Dr Matthias Menke is an attorney at Graf von Westphalen in Frankfurt. He acts as an external counsel to the Central European Aluminium Company (CEAC), a Cyprus-based company which aims to become an integrated aluminum producer for Central and Eastern Europe.

This week’s enlargement progress report from the European Commission marked a new departure in the EU’s attitude towards Montenegrin accession.

For the first time, there has been explicit recognition from most senior diplomatic circles that Montenegro is not the poster child of European enlargement it has claimed to be.

In reaction to the progress report on Montenegro, Enlargement and Neighbourhood Policy Commissioner Stefan Füle himself said that “the degree to which […] rule of law related reforms produce results will determine the overall pace of the accession negotiations. If no tangible progress is made, negotiations would have to slow down”.

This is pretty strong language from the European Commissioner – the strongest we’ve seen in relation to Montenegro’s EU accession in a long time – and for the first time opening the prospect of putting the brake on Montenegrin accession.
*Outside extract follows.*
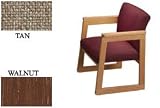 Flared Arm Chair Walnut Tan. Package of 2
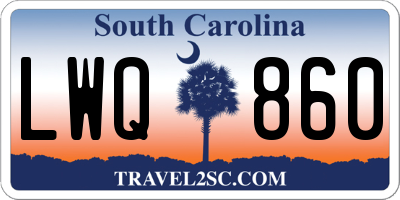 SC license plate LWQ860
It seems clear that there is growing frustration within the EU at Montenegro’s sclerotic progress and what quite frankly can only be interpreted as window-dressing: doing the very minimum possible at the last minute in order to receive a good scorecard. We had further proof of this only on Tuesday, when after more than a year of procrastination, the government finally appointed a Superior State Prosecutor, just one day before the publication of the Progress Report.

European diplomats see through such tactics and are rightly increasingly impatient with the Montenegrin government’s antics. Media reports that Prime Minister Milo Djukanovi? has been running the country “as though it were a family business” is extremely worrying – so much so that the safeguard clause freezing accession negotiations was very nearly invoked.

Commissioner Füle also raises concerns over Montenegro’s judicial system, saying that “citizens deserve to be able to rely on the swift, efficient and impartial administration of justice” – the clear implication being that they currently cannot.

Sadly, we can confirm that impartial justice not a reality in Montenegro, and the politicisation of the judicial process remains a real problem. The Central European Aluminium Company (CEAC) made significant investments in the KAP smelter, at the time the largest industrial concern in Montenegro, but over the course of the past decade saw its investments undermined by the Montenegrin government. Unable to receive justice within the Montenegrin legal system, CEAC has had to initiate several international arbitration proceedings against the government of Montenegro for breach of the KAP settlement agreement, and the foreign investments protection treaty between Cyprus and Montenegro.

And CEAC is not the only aggrieved foreign investor from EU with claims pending against the Montenegrin government in international courts, which serves to underline how deeply broken the legal system is.

The progress report explicitly talks to the grave risk to the Montenegrin economy that the unresolved KAP dispute represents: “The sale of KAP remains on hold until the bankruptcy administrator can transfer the property free of litigation, with risks of a new round of contingent liabilities for the public finances”.

Indeed, the cumulative value of the many international arbitration cases pending against the state of Montenegro from foreign investors now exceeds €1bn. This represents almost a third of the country’s GDP of €3.4bn. If the State of Montenegro is found against in these proceedings, as is likely, this would seriously endanger the Montenegrin economy. Through its contempt for the rule of law and international investors’ rights, Djukanovic’s government is wilfully imperilling the wellbeing of its own citizens.

While we have always stated that we support Montenegro’s eventual EU membership, it cannot be at any cost, and Stefan Füle rightly recognises this. The hard facts on the ground demonstrate that extremely serious issues of the rule of law and investor protection persist. We are extremely encouraged that the European Commission recognises how serious these are.

Now, there is clear pressure on the Montenegrin government from the European Commission itself to implement meaningful reforms, to resolve the KAP dispute and to bring to a satisfactory resolution the multiple cases against it from foreign direct investors like CEAC.